In an effort to reduce damage to and clutter at polling places, the Hamilton County Commissioners passed an ordinance this week limiting the number of political signs allowed at each polling place.

Ordinance 04-11-22-A limits each candidate to one sign per voting location on Election Day and no more than two signs per voting location on Early Voting Days. Furthermore, the signs cannot be larger than 36” X 24”, cannot be placed with metal or wood posts, and cannot be placed in the public right of way. 

“It looks like a carnival at the polling sites,“ says Commissioner Christine Altman. “Some candidates are placing four, five or more signs at a single location. Multiple that by the number of candidates and the problem is clear.
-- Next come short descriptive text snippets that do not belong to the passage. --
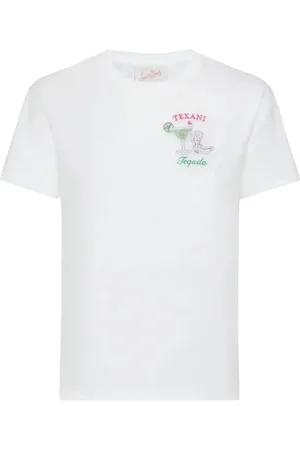 MC2 SAINT BARTH Top, Dame, Hvid, XS, Bomuld, Bomuld T-shirt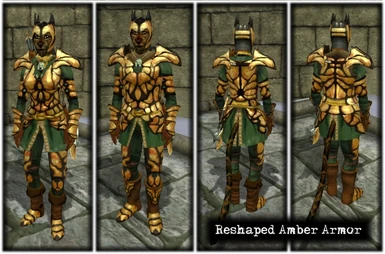 Tweaked Amber Armor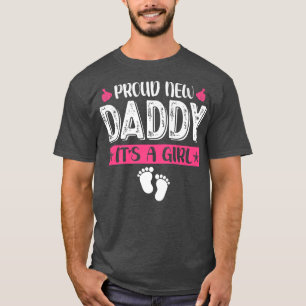 Camiseta Família legal Novo Pai Orgulhoso É uma Menina Sexo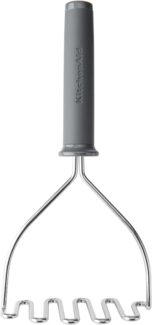 KitchenAid Soft Grip Kartoffelstampfer - Holzkohle Grau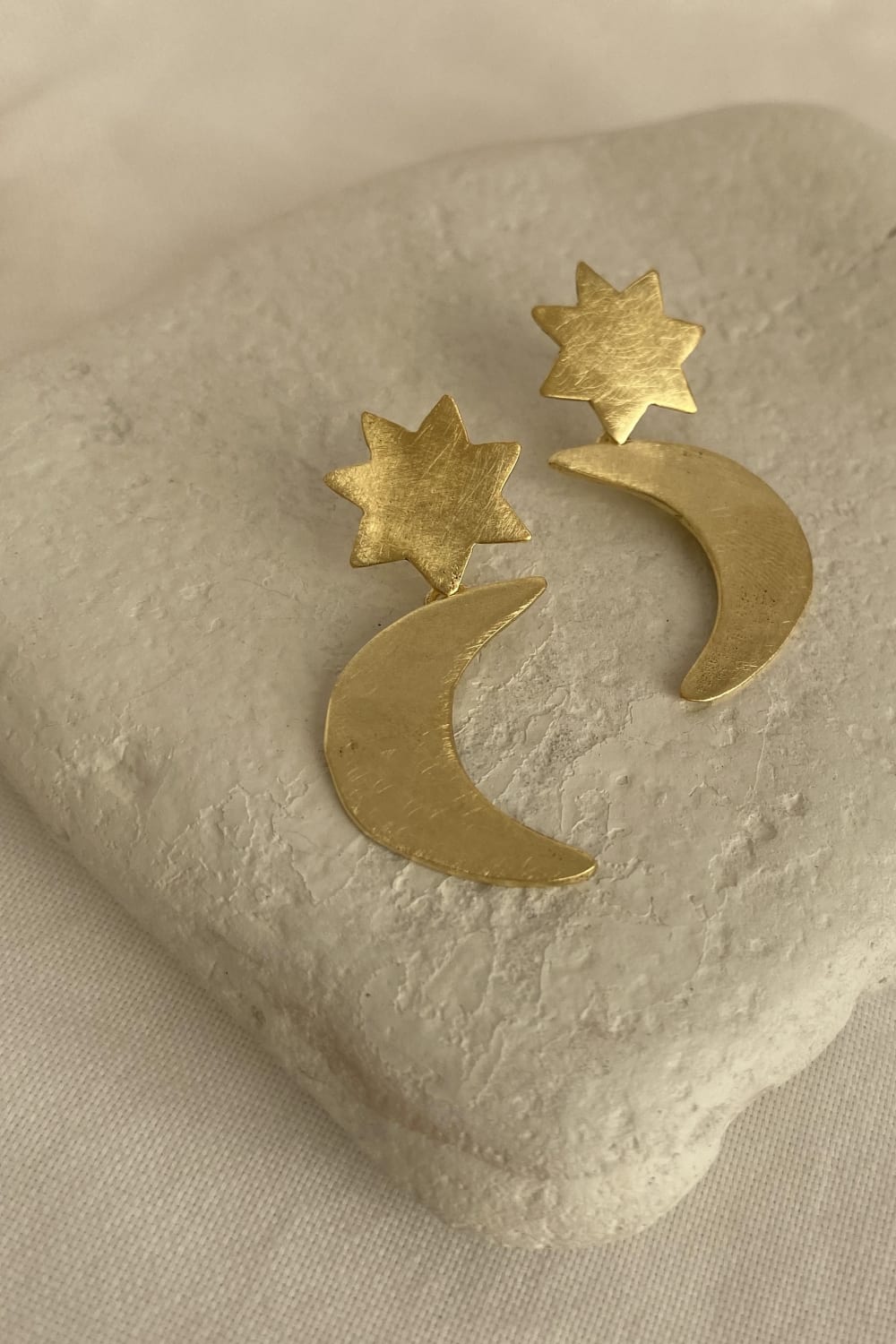 Maja Jewels-Star & Moon Küpe-Küpe-3-Milagron.com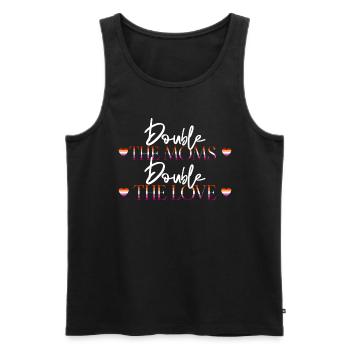 Gay Mom Lesbian Mothers Mothers Day - Men's Premium Organic Tank Top - black - Front - Michal (187cm)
The owners of the early voting locations and polling sites on election day have understandably expressed frustration over the number of signs outside their buildings and damage done by large signs.” 

The ordinance is effective immediately. Early voting locations include Mercy Road Church and the Jill Perelman Pavilion in Carmel, the Roy G. Holland Memorial Park Building and Billericay Park Building in Fishers, the Judicial Center and 4H Fairgrounds in Noblesville, and City Hall and Cool Creek Nature Center in Westfield.

“Early voting locations make voting easy and convenient for our residents,” says County Clerk Kathy Williams. “But voting locations can be incredibly difficult to secure because of the time and space commitment they require. We do not want to abuse their generosity or inconvenience them with picking up errant signs.”

The ordinance also limits the amount of time the signs can be left at a location. No signs may be placed at a polling place earlier than 12 hours before the polling place opens and must be removed within four hours of a polling place closing on Election Day. Signs not removed within four hours of the polls closing will be deemed abandoned and may be removed and destroyed by the owner of the polling place and either stacked or destroyed.